* REQUIREMENT
Return the whole listing exactly, omitting the pictures.

* THE DATA
============

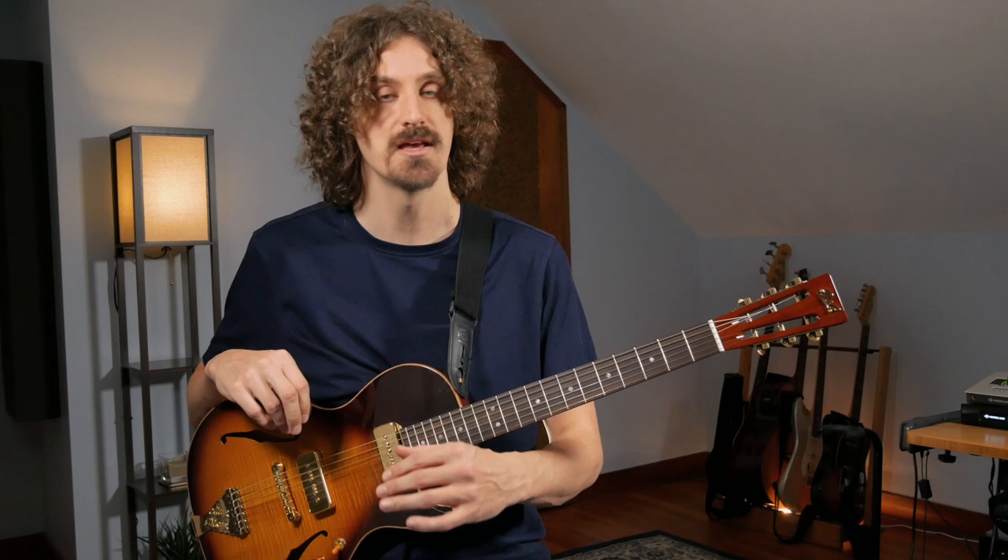We're going to take a look at how to play the lead parts on Melissa by the Allman Brothers. We're not going to look at every single note that Dickey Betts played, but some of the licks he did — all the other ones are just variations. At the end, we're going to look at how we can improvise around with this stuff. We've got it broken down to three parts: the verse, the chorus, and the bridge. I'm going to play along with the backing track for each of them so you can see and hear it in context, and then we'll break down what's going on.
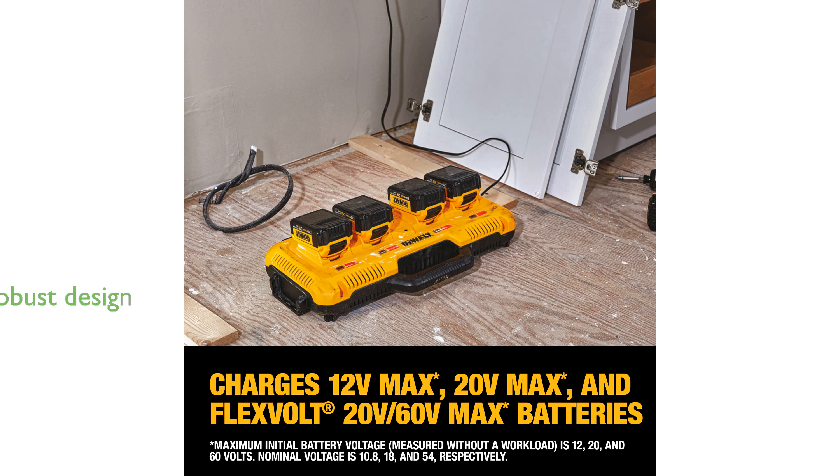With its robust design, the charger is TUF system compatible and can be securely mounted for easy access. Additional features like the Tool Connect Tag Readiness and Cord Wraps enhance its usability and storage.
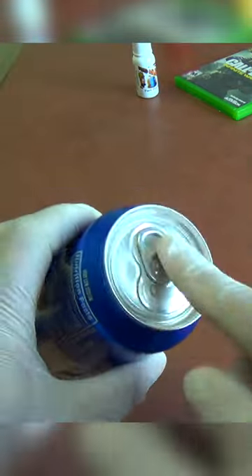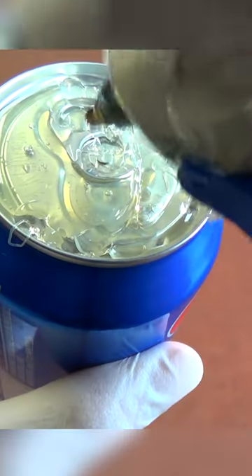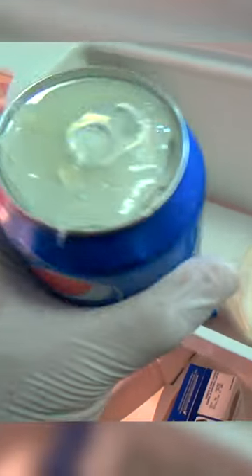Here's how to prank family members. Take the last soda from the fridge and begin to spread hot glue on top, all over the seal. Make sure it's real thick. Once it dries, put it back in the fridge. This will frustrate anyone.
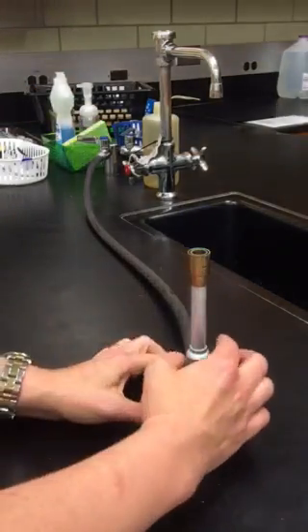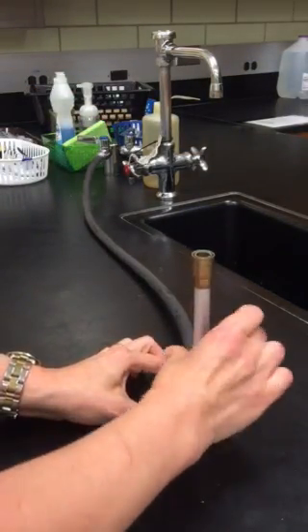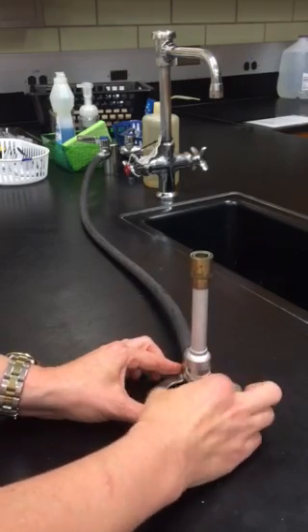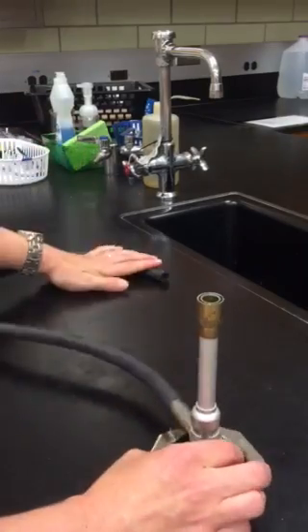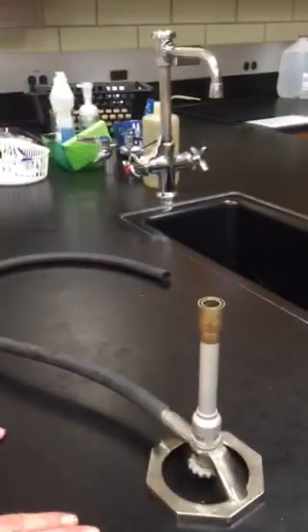Then to get this ready for the next person, I twist my barrel closed, close the gas valve, and detach the hose from the jet. And it's ready for the next person.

============

* ANSWER AREA
We're going to take a look at how to play the lead parts on Melissa by the Allman Brothers. We're not going to look at every single note that Dickey Betts played, but some of the licks he did — all the other ones are just variations. At the end, we're going to look at how we can improvise around with this stuff. We've got it broken down to three parts: the verse, the chorus, and the bridge. I'm going to play along with the backing track for each of them so you can see and hear it in context, and then we'll break down what's going on.
With its robust design, the charger is TUF system compatible and can be securely mounted for easy access. Additional features like the Tool Connect Tag Readiness and Cord Wraps enhance its usability and storage.
Here's how to prank family members. Take the last soda from the fridge and begin to spread hot glue on top, all over the seal. Make sure it's real thick. Once it dries, put it back in the fridge. This will frustrate anyone.
Then to get this ready for the next person, I twist my barrel closed, close the gas valve, and detach the hose from the jet. And it's ready for the next person.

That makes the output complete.